One user even labeled the situation 'consumer fraud,' accused Paul’s platform of offering a 'subprime asset' to buyers, and asked the FTC and SEC to step in. The 'subprime' comparison is basically this: like the shaky loans in The Big Short, they say the card’s quality was misrepresented to make it seem safer or rarer than it was.
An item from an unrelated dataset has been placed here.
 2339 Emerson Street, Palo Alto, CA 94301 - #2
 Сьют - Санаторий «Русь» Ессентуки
Others counter that, regardless of how anyone feels about the grade, a PSA label is a PSA label — and if his claims track exactly with the official grade, he may not be doing anything illegal by marketing it that way.
Paul’s investment pitch vs. reality checks
In his Dec 23 Fox News appearance, Paul went big on the salesmanship, arguing that collectibles — Pokemon specifically — have crushed the stock market over the last two decades and that he’s sending his Illustrator card to auction in February.
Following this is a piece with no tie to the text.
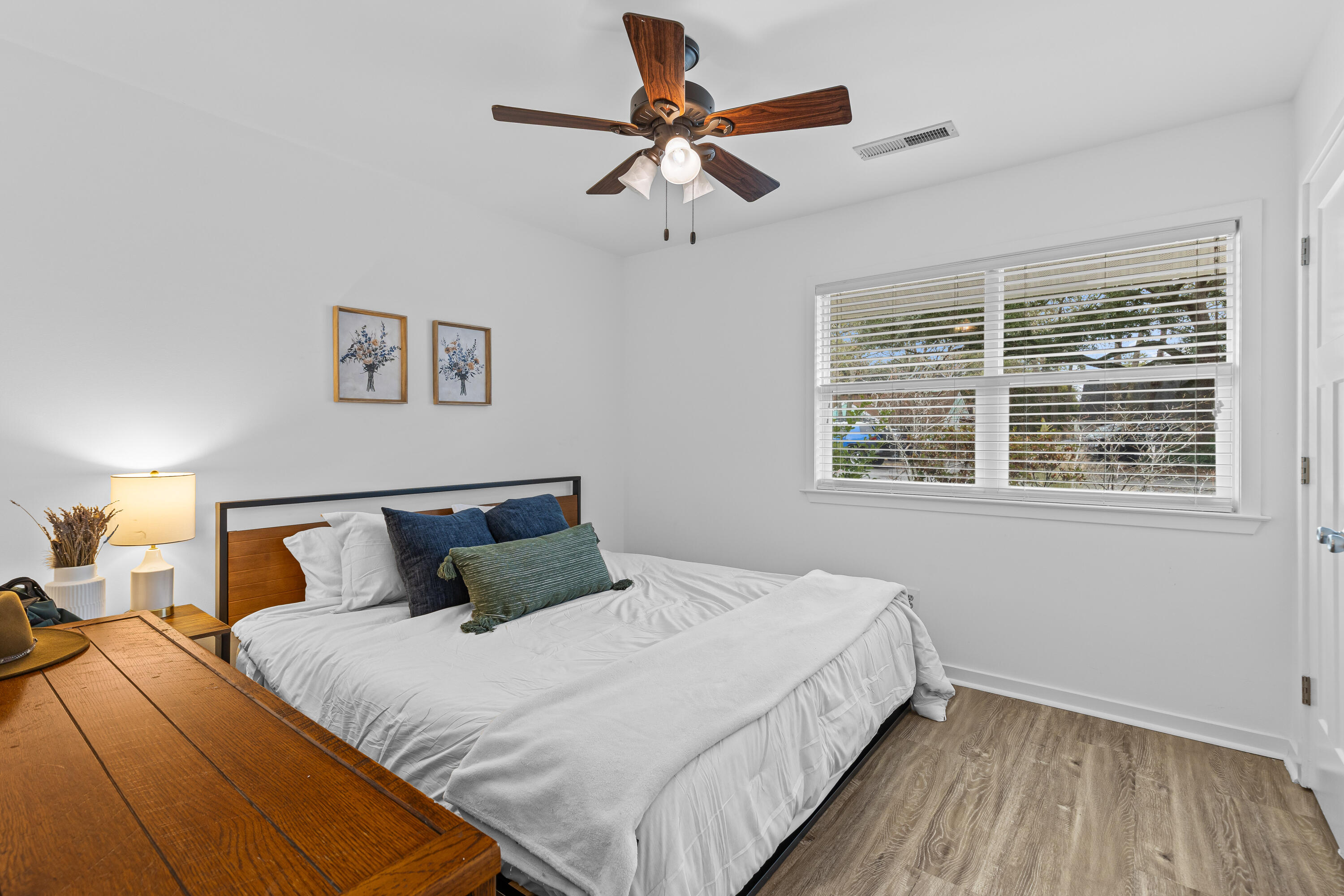 1115 Honeysuckle Court Mount Pleasant, SC 29464 - Photo 6 of 19 Guest Room #1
'If you have the money, don’t be afraid to take a risk, especially if you’re young.'
Analysts are less convinced by the '3,000% over the stock market' brag, and, given the chaos around Liquid Marketplace and the PSA debate, it’s fair to say this isn’t exactly a beginner’s guide to alternative assets.
The bottom line
Paul’s trying to cash in on the only PSA-10 Pikachu Illustrator by sending it to auction in early 2026 after a televised handshake that already netted him $2.5 million. But the blowback is intense: fans say he sold the card once through fractional tokens, then 'bought it back' and shifted blame for payout delays onto a platform he owns; others say the card’s 10 grade never should have happened. He insists he followed the rules, paid the buyout, and that Liquid’s regulatory and operational issues are the real reason people haven’t been paid.
It’s a perfect storm: a rare card, a TV moment, a fintech platform in trouble, and a grading war. Place your bets.